During 2009/10 the Quartet return to Wigmore Hall four times, as Quartet and in recitals with Philip Langridge, Andrew Kennedy (for a world premiere) and Alasdair Beatson. Future engagements include recitals at the Konzerthaus in Berlin and in Lucerne, Brussels and Hamburg, return visits to Israel and Italy, and debut concerts in Australia, New Zealand, Spain, and the USA.
This disc is the quartet’s first commercial CD, and in 2010 they record their first CD for Chandos as part of a long-term collaboration.
“We are incredibly excited about our cd release on the Wigmore Hall Live label. This is our first commercial CD and it is an honour for our debut disk to be on such a prestigious label connected to such a famous concert hall. We are also very pleased to be able to present an all-Haydn disk as Haydn is a composer very close to us. The choice of quartets on the cd is also interesting as they give a glimpse into three different periods. The Op 76 no. 1 is a very famous work but it is a pleasure to be able to include two lesser known works. We are very excited by Haydn and relish the opportunity to share this excitement through this release” Doric String Quartet
15th November 2009
“The Dorics might look as if they are scarcely beyond their gap years, but their first commercial recording shows them to be musically fully matured... The Dorics give us a direct link to the composer’s genial and touching inventiveness; and, indeed, move us in the beautiful slow movements.”
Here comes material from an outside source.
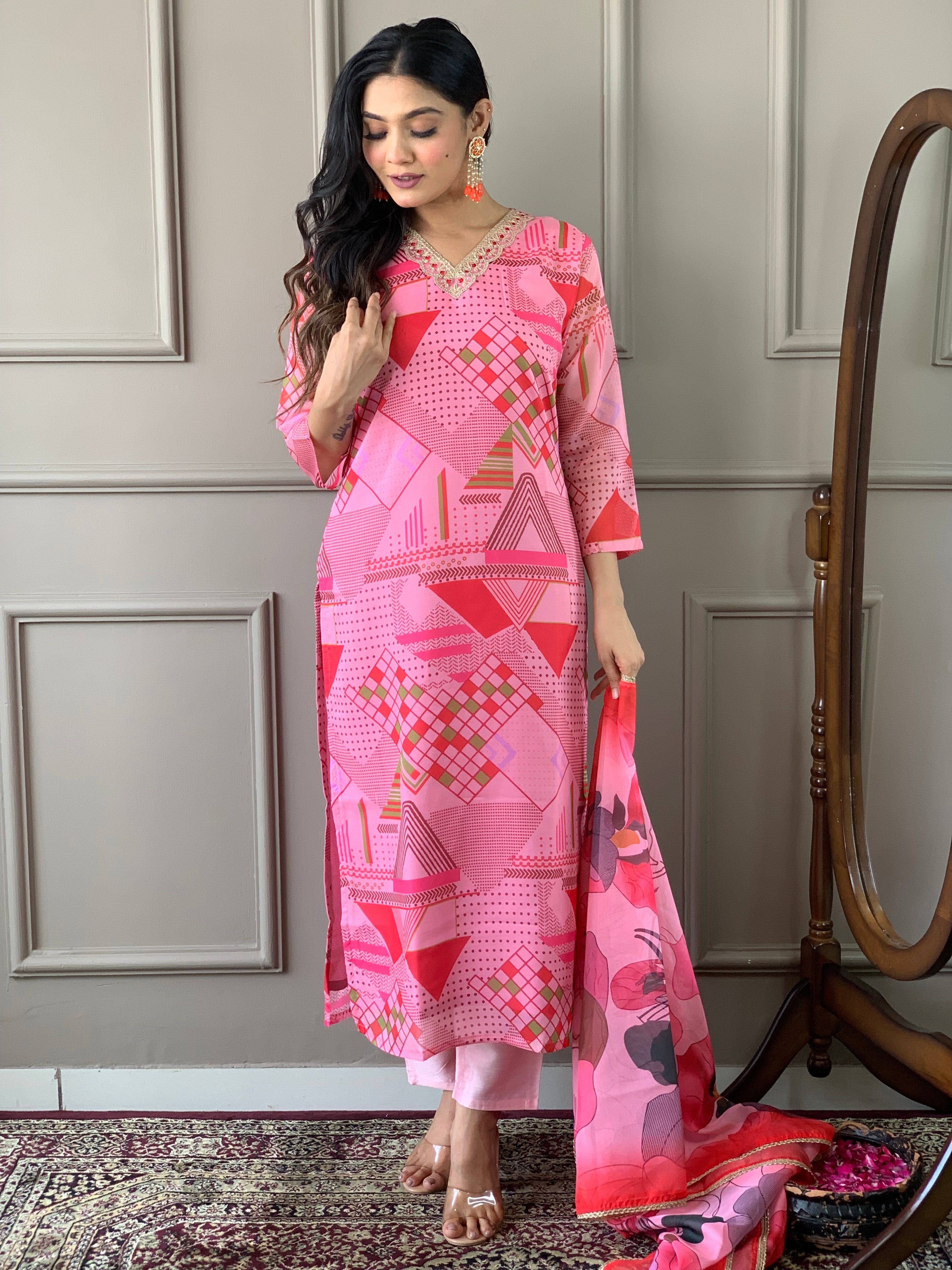 Pink Viscose Chanderi Kurta Pant Set with Printed With Thread Embroidery Work on Neck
“These musicians are different. Not radically different but enough to notice that their style of playing, though highly disciplined, isn't cuttingly concentrated. Then there is Haydn the musical orator, found in the finale of Op 76 No 1. Listen to how the quartet unfolds its rhetoric, from turbulent G minor to the light-hearted, even flippant G major ending - of wit and sparkle. Want more? Try the encore, the finale from Op 50 No 1, and note how playing the Doric sign off in this, their very auspicious recording debut.”